(Web page caption snippets)
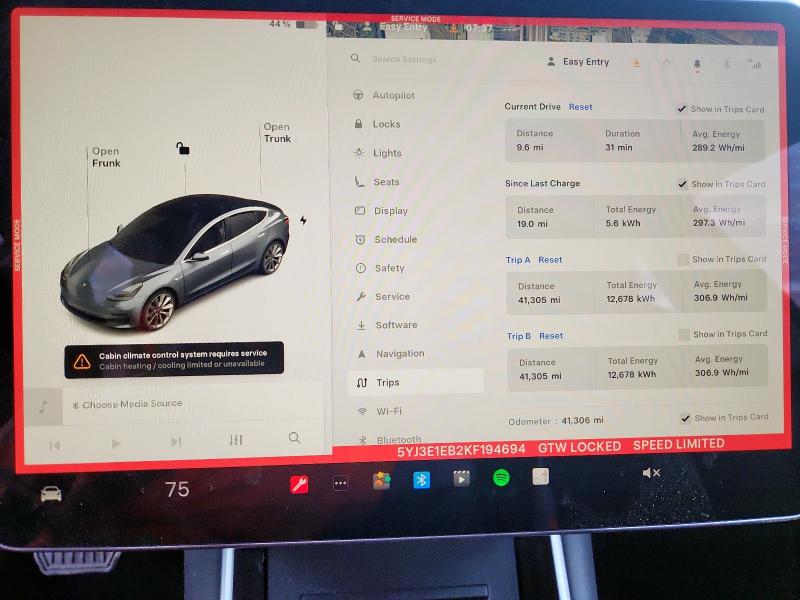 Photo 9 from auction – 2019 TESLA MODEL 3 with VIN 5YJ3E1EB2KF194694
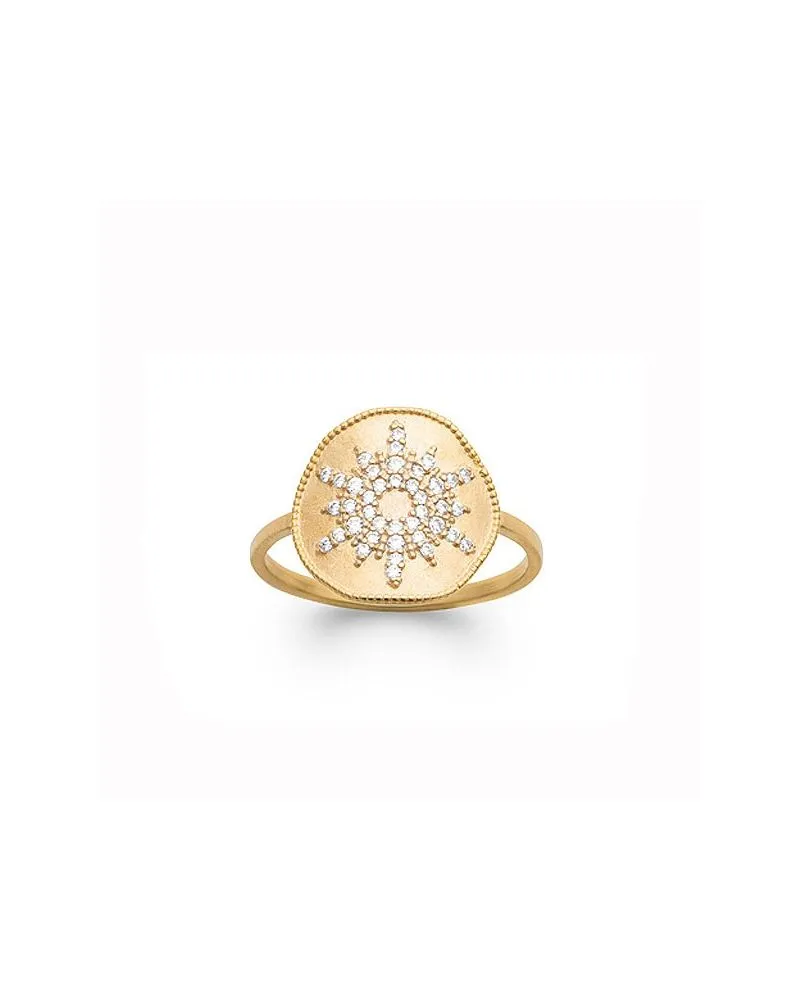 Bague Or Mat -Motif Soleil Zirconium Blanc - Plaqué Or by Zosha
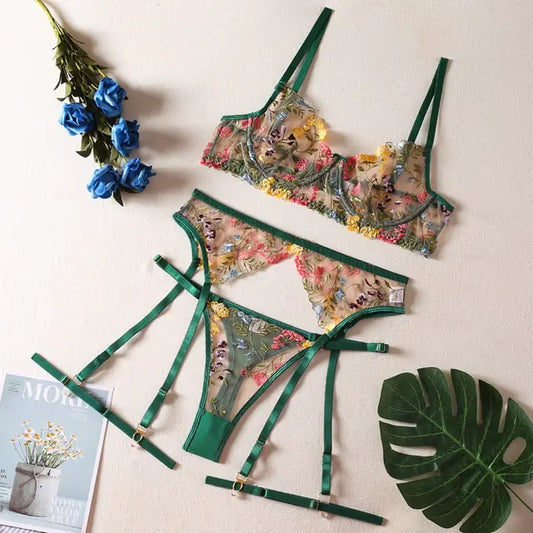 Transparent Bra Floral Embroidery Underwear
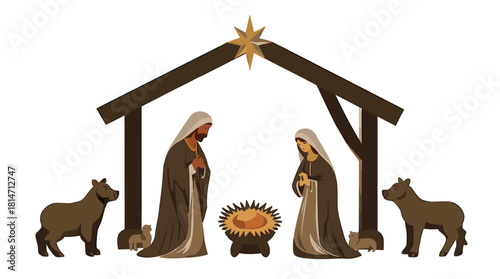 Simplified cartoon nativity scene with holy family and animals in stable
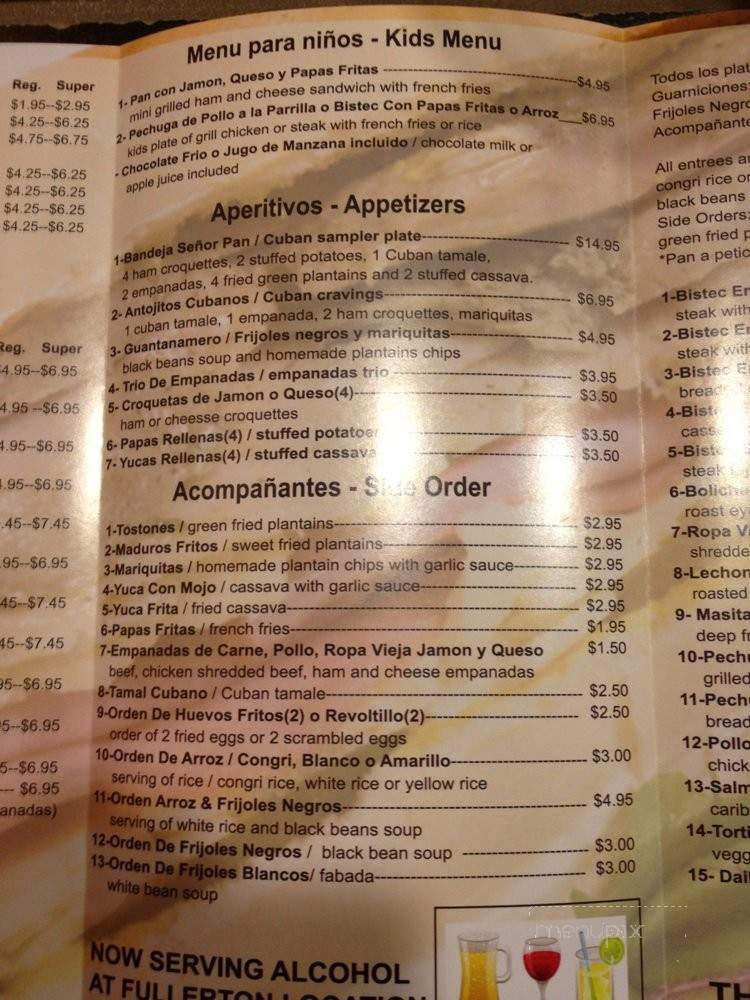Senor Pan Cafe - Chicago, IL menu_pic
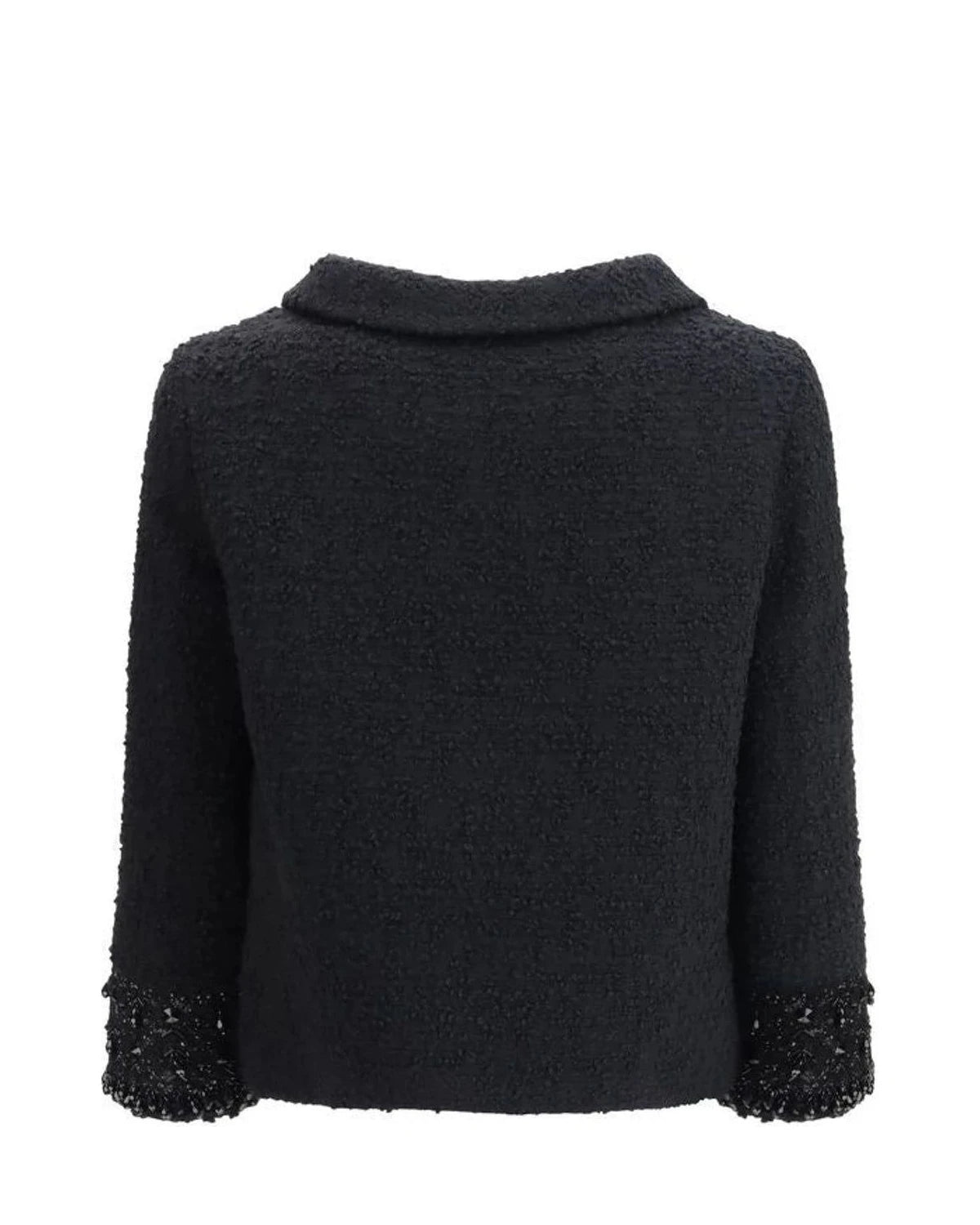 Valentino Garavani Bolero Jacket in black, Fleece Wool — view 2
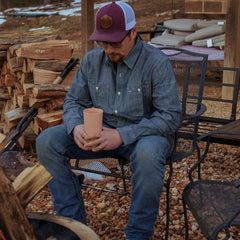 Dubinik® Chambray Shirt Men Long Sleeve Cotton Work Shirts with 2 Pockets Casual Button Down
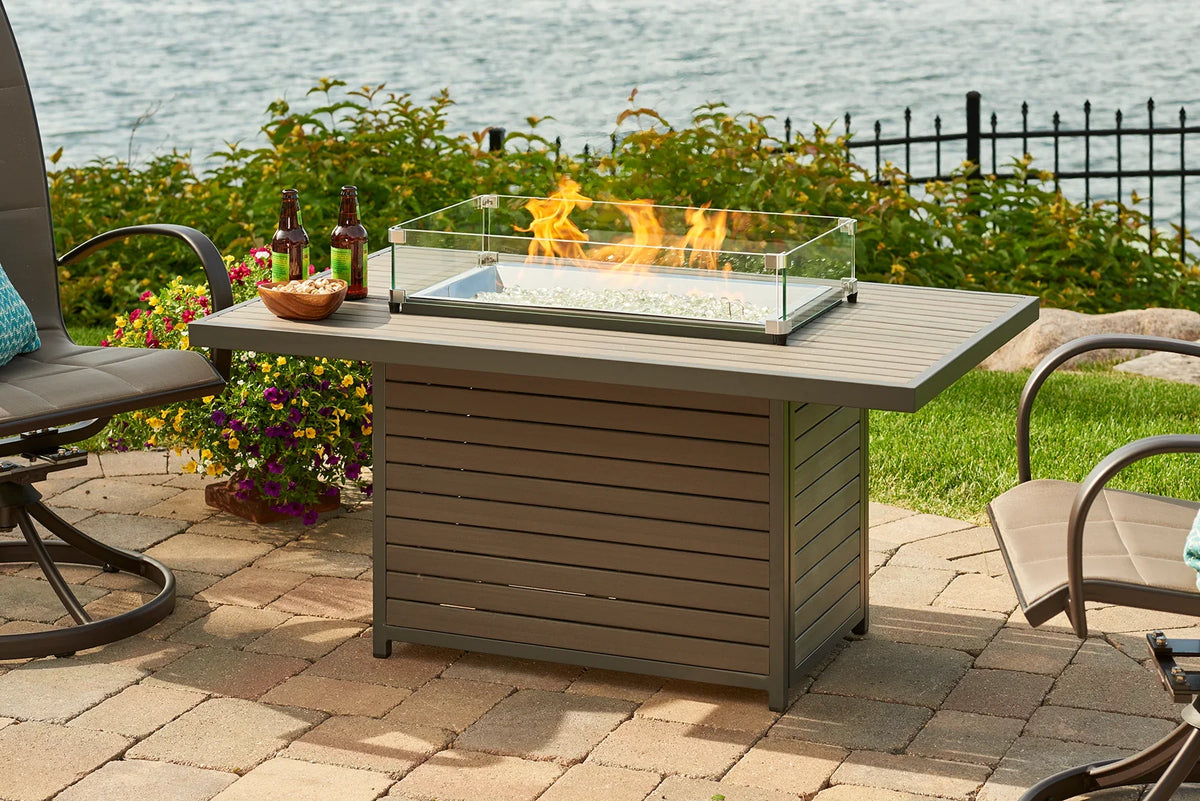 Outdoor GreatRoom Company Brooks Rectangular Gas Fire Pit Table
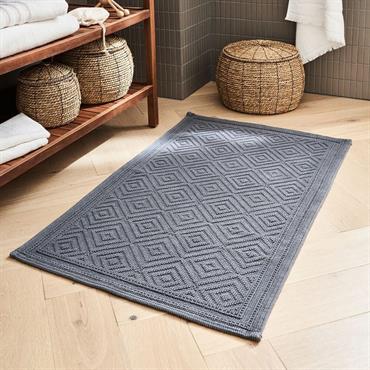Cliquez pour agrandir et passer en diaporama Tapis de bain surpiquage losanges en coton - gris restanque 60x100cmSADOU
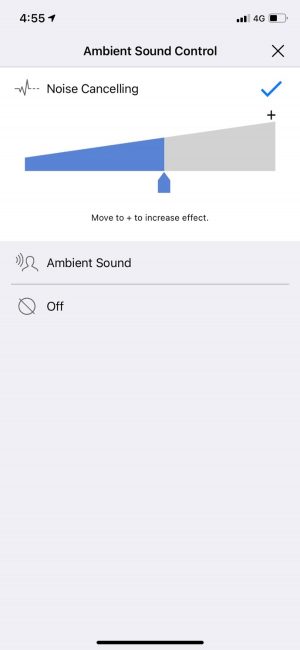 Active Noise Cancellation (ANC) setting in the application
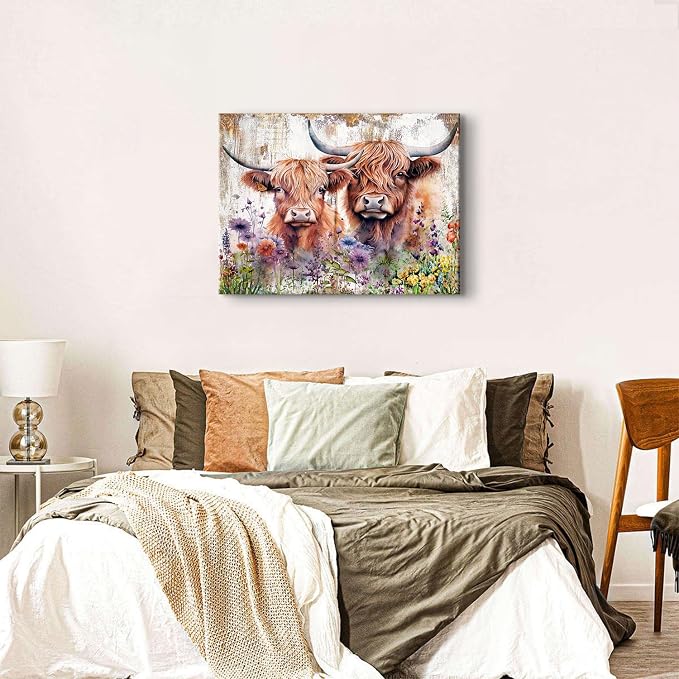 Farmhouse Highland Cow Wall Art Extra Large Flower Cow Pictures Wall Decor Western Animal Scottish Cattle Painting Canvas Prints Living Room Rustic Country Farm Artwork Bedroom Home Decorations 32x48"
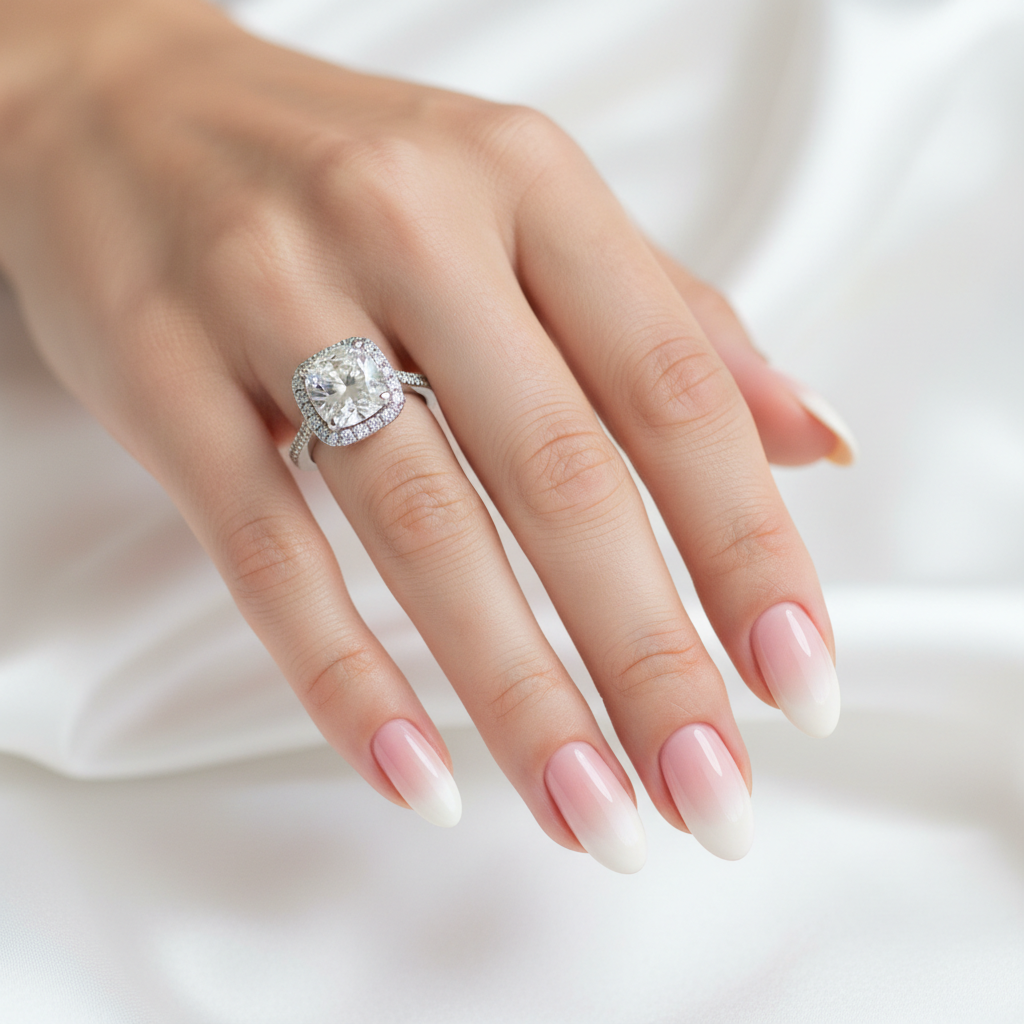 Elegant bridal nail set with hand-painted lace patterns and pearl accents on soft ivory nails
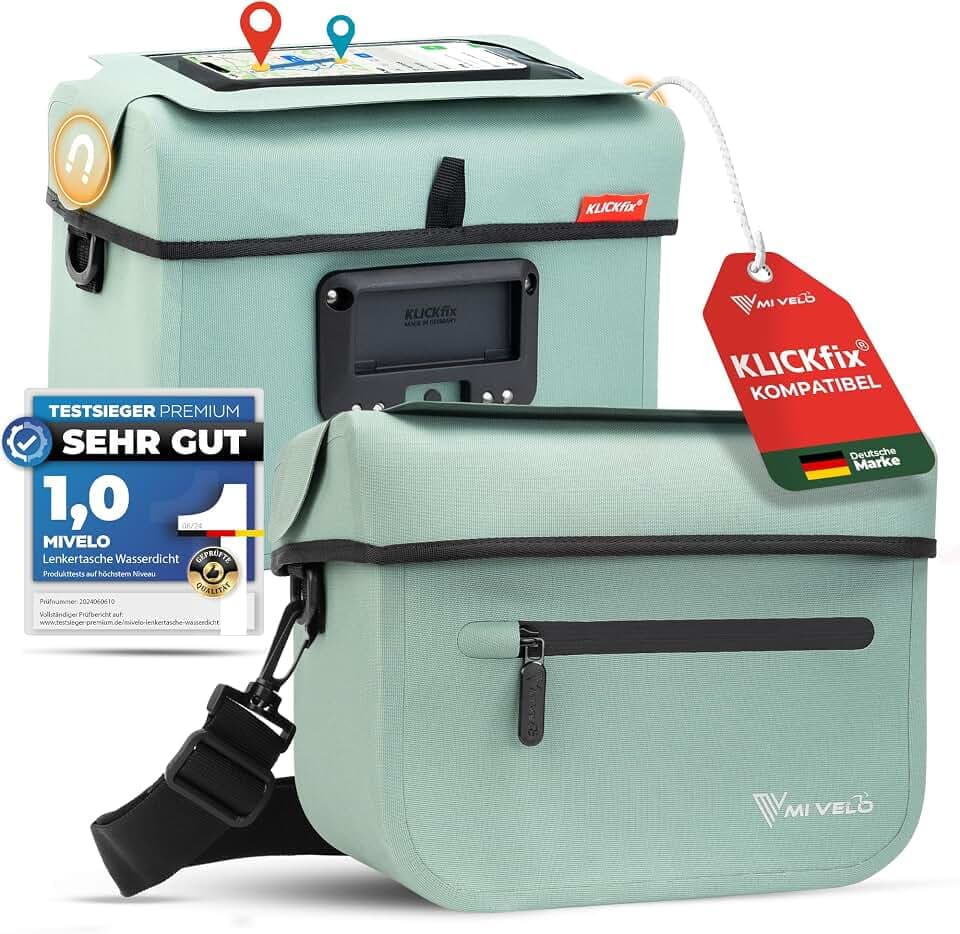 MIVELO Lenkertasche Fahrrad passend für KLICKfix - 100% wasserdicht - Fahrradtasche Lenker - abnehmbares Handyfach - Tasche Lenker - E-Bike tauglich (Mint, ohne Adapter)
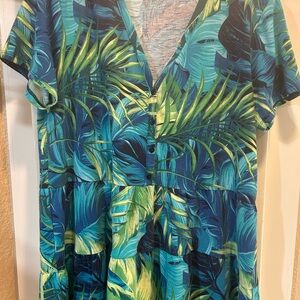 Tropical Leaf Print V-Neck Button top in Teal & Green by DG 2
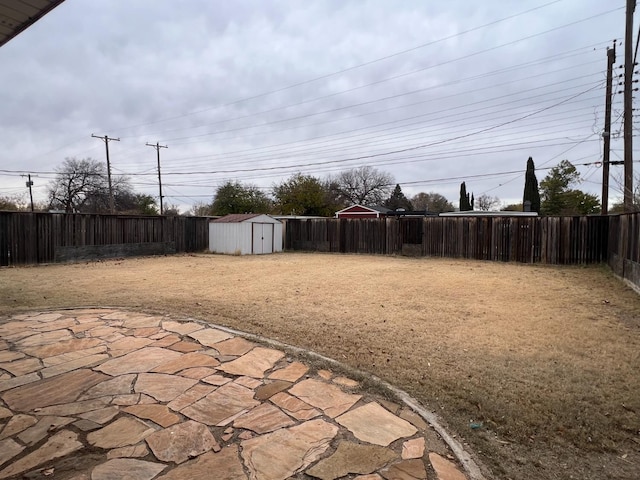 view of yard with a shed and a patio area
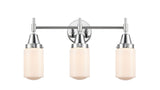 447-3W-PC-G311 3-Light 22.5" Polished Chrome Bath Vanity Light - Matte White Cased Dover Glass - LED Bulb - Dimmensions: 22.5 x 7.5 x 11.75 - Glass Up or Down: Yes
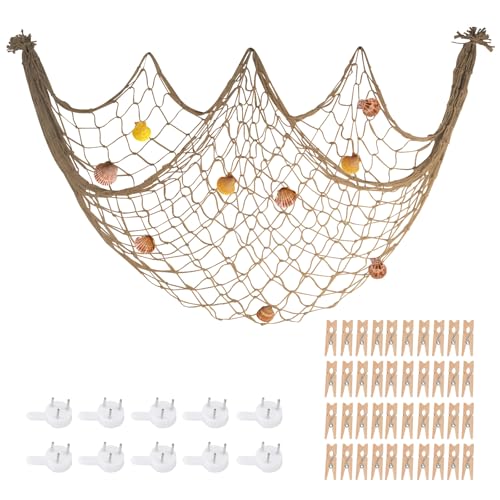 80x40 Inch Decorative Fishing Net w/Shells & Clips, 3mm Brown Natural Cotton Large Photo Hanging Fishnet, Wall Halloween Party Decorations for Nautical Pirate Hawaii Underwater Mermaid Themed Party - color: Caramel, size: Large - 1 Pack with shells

§ Task prompt
The answer should contain nothing but the lines from the top of the data above through the line containing "Farmhouse Highland Cow", copied exactly, with no images.

§ Your response
 Photo 9 from auction – 2019 TESLA MODEL 3 with VIN 5YJ3E1EB2KF194694
 Bague Or Mat -Motif Soleil Zirconium Blanc - Plaqué Or by Zosha
 Transparent Bra Floral Embroidery Underwear
 Simplified cartoon nativity scene with holy family and animals in stable
Senor Pan Cafe - Chicago, IL menu_pic
 Valentino Garavani Bolero Jacket in black, Fleece Wool — view 2
 Dubinik® Chambray Shirt Men Long Sleeve Cotton Work Shirts with 2 Pockets Casual Button Down
 Outdoor GreatRoom Company Brooks Rectangular Gas Fire Pit Table
Cliquez pour agrandir et passer en diaporama Tapis de bain surpiquage losanges en coton - gris restanque 60x100cmSADOU
 Active Noise Cancellation (ANC) setting in the application
 Farmhouse Highland Cow Wall Art Extra Large Flower Cow Pictures Wall Decor Western Animal Scottish Cattle Painting Canvas Prints Living Room Rustic Country Farm Artwork Bedroom Home Decorations 32x48"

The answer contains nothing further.